Key Laboratory of Pesticide & Chemical Biology of Ministry of Education, Institute of Environmental & Applied Chemistry, Central China Normal University, Wuhan 430079, PR China.
Key Laboratory of Pesticide & Chemical Biology of Ministry of Education, Institute of Environmental & Applied Chemistry, Central China Normal University, Wuhan 430079, PR China.
J Hazard Mater. 2018 Sep 5;357:408-414. doi: 10.1016/j.jhazmat.2018.06.029. Epub 2018 Jun 15.
This study systematically compared the degradation of atrazine (ATR) with aerobic zero-valent aluminum (ZVAl/Air) and zero-valent iron (ZVI/Air) systems.
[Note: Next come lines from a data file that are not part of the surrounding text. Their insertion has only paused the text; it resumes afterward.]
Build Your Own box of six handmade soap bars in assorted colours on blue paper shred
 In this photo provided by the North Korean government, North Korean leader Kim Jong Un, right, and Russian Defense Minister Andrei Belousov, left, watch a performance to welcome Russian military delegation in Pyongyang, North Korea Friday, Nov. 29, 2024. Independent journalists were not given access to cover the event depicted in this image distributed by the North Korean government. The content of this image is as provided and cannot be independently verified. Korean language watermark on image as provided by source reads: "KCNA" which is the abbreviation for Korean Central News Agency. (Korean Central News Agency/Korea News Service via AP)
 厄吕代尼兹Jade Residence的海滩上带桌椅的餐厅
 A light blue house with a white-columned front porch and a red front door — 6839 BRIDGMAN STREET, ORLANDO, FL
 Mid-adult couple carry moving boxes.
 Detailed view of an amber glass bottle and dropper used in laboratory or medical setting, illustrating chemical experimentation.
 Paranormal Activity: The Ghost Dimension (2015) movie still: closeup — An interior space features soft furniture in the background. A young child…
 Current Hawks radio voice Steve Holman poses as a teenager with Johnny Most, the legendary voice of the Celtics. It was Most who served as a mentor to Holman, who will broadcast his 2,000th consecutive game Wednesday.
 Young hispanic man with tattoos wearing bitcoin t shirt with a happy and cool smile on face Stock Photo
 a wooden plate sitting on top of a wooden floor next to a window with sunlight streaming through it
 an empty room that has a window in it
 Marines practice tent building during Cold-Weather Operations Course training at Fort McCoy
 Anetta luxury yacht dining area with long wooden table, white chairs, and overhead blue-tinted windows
By comparing the ATR degradation curves and rate in the ZVAl/Air and the ZVI/Air systems, a significant induction period was observed in the ZVAl/Air system, and the pseudo-first-order rate constant of ATR degradation in the second stage by ZVAl was 6.4 times faster than that by ZVI. The differences in ATR degradation patterns of the two systems stemmed from the different redox nature and electrical conductivity of aluminum (oxide) and iron (oxide). Reactive oxygen species measurement and electron spin spectra analysis indicated that more hydroxyl radical was generated through molecular oxygen activation in the ZVAl/Air system, leading to enhanced ATR degradation in the ZVAl/Air process. By analyzing the intermediates of atrazine degradation, we found that ATR underwent an oxidative dealkylation and hydroxyl-dechlorination degradation pathway, and the low toxicity cyanuric acid was the final product in both systems. However, aluminum ions released in the ZVAl/Air system exceeded the regulated standard value, which might cause environmental pollution. Finally, the pros and cons of potential environmental remediation of the ZVAl/Air and ZVI/Air processes were evaluated.
本研究系统比较了莠去津(ATR)在有氧零价铝(ZVAl/Air)和零价铁(ZVI/Air)系统中的降解情况。通过比较 ZVAl/Air 和 ZVI/Air 系统中 ATR 的降解曲线和速率,在 ZVAl/Air 系统中观察到一个明显的诱导期,并且 ZVAl 对 ATR 的第二阶段的伪一级降解速率常数比 ZVI 快 6.4 倍。两个系统中 ATR 降解模式的差异源于铝(氧化物)和铁(氧化物)的不同氧化还原性质和电导率。活性氧物种测量和电子自旋谱分析表明,ZVAl/Air 系统中通过分子氧活化生成了更多的羟基自由基,从而增强了 ZVAl/Air 过程中的 ATR 降解。通过分析莠去津降解的中间产物,我们发现 ATR 经历了氧化脱烷基和羟基脱氯降解途径,并且在两个系统中低毒性的三聚氰胺都是最终产物。然而,ZVAl/Air 系统中释放的铝离子超过了规定的标准值,可能会造成环境污染。最后,评估了 ZVAl/Air 和 ZVI/Air 工艺对潜在环境修复的优缺点。